Simple Jiu Jitsu Strength Training Truths

Sometimes it’s easy to find yourself lost in the weeds with regards to training programs, nuance and the finer points on “proper training.”
So with that in mind, I have a rather brief article to share today. Brief because these are simple tenants of strength training for jiu jitsu and grappling sports. If nothing else, my experience has shown if you focus on these things, you should find yourself happy with your progress in your strength and conditioning program for these sports.

#1- If you are small and don’t want to be small anymore, then getting bigger generally trumps all other training goals, or trying to develop any other “special qualities”. 

This is self explanatory: if you are undersized, or feel outmuscled, the simple, but not easy answer is to get bigger. In other words: get stronger.

ex: Special Qualities would include being more explosive, speed or any very specific training outcome. You shouldn’t worry about these things if you’re not at an optimal size for your weight class or find yourself generally not enjoying rolling during class*. Generally I find that when people aren’t feeling comfortable in their weight class, they’re too small.

*It’s important to also understand that if you’re a non-competitor, but regular jiu jitsu athlete who mostly just trains hard in class, that your size and optimal body composition will contribute immensely to your enjoyment of jiu jitsu. In a future article, we’ll address this in more detail.

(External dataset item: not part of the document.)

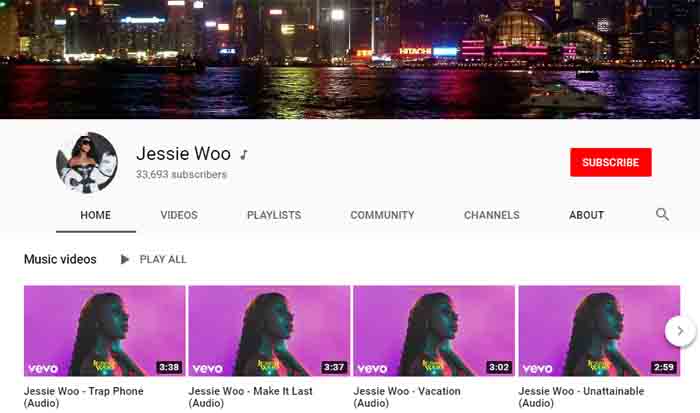 Jessie Woo official YouTube channel.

#2 Mobility is beneficial and a baseline for your performance, but once you get enough of it to execute your game- you’re probably wasting your time trying to get more of it. 

There are great mobility protocols out there. They work. But like everything, they don’t work forever. Once your progress starts to level off, it’s probably time to turn your attention elsewhere. You should also ask yourself how much more mobility you really need, why, and where you think it could come from. The worst mistake in this area that I see is people staying too long on mobility programs that previously worked for them, but really do nothing for them anymore.

#3 Whatever quality you physically lack is ultimately what you should train. It doesn’t need to be “sport specific”— it needs to be goal specific.

If you do in fact need to be more explosive, then training to be explosive is generally where you should look. This sounds obvious, but people often get confused and discard an otherwise great training protocol that would promote power/explosive qualities just because it doesn’t say “jiu jitsu” or their specific sport on it. It helps to have the knowledge, for sure, but it’s not the most important factor. The quality you want is the most important factor.

These points are all simplified from potentially more nuanced discussion. Sure there are outliers, and yes the sport and its demands should always be considered, but if you’re really trying to focus on training programs that will be effective for jiu jitsu or grappling sports— these three rules should help guide you for a long time to come.